Mentertawakan pahitnya realitas adalah cara terbaik untuk berdamai dengan kehidupan.
Setidaknya, begitulah Devan memilih menghadapi hidup. Bagi sebagian besar pengguna media sosial, konten-konten dari akun semakindidevan adalah tempat meluapkan kepenatan atas ruwetnya dunia kerja dan dinamika negeri ini.
Namun di balik persona “motivator demotivasi” itu, ada Devan Yulio, seorang manusia dengan segala keresahan, kegagalan, dan kelakarnya. Lewat Berbagi Perspektif kali ini, Devan bercerita tentang keluarga, karier, dan caranya memandang hidup: bahwa tidak semua kepahitan harus dicari hikmahnya. Kadang, cukup ditertawakan.
Perasaan kamu belakangan ini melihat kondisi negeri dan carut-marut pemerintahan kita seperti apa sih, Devan?
Hahahaha, langsung gini, nih, pertanyaannya, ya? Kalau harus Jujur, perasaan belakangan ini most likely kesal dan geram. Ada perasaan gloomy juga melihat kondisi pemerintahan kita saat ini.
Yang bikin makin geram adalah tiap kali ada kritikan dari warga atau masyarakat, respons komunikasi publik pemerintah itu malah terkesan menganggap kritikan sebagai musuh.
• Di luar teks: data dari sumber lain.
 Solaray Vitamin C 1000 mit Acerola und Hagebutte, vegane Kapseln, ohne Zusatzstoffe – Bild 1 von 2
Bukan dianggap masukan yang membangun. Manuver-manuver pejabat dan pidato pimpinan kita akhir-akhir ini sering bikin kita mikir, “Loh, kok begini ya?”
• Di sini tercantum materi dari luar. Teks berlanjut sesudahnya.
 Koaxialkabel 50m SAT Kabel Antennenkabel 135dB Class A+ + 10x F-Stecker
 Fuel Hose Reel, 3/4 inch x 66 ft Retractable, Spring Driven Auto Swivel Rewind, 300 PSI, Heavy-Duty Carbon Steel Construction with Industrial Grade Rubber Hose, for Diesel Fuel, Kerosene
Tapi ujung-ujungnya, rasa kesel itu cuma bisa ketahan di dalam dada. Kita nggak bisa ngapa-ngapain juga selain keluh kesah di medsos, jadi ya paling cuma bisa menumpahkannya lewat konten. Jadi apa yang tertuang di konten-konten semakindidevan itu sebenarnya murni keresahan pribadi aku.
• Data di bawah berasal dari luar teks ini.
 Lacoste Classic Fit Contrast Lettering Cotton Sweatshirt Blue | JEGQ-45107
Sebenarnya mana yang lebih dulu, kamu jadi komika (stand-up comedian) atau content creator?
Aku berangkat dari stand-up comedy dulu. Sejak SMP sekitar 2013-2014 di Cilegon, pas awal gelombang stand-up lagi ramai-ramainya, aku udah join komunitas lokal di sana. Awalnya cita-cita idealku sederhana: pengin ikut audisi SUCI (Stand Up Comedy Indonesia), masuk tiga besar, terus jadi entertainer. Tapi pas nekat ikut audisi, aku cuma dapet silver ticket. Kayaknya jalanku bukan murni di panggung stand-up nih.
Pas lulus kuliah, aku kerja di sebuah perusahaan media di Jakarta sebagai scriptwriter sekaligus talent. Nah, salah satu konten sehari-hari yang aku buat untuk program kantor itu adalah sketsa “konten demotivasi”. Atasanku melihat potensi konten itu besar banget. Dia nyuruh bikin akun dan aset media sendiri. Dari situ lahirlah persona semakindidevan.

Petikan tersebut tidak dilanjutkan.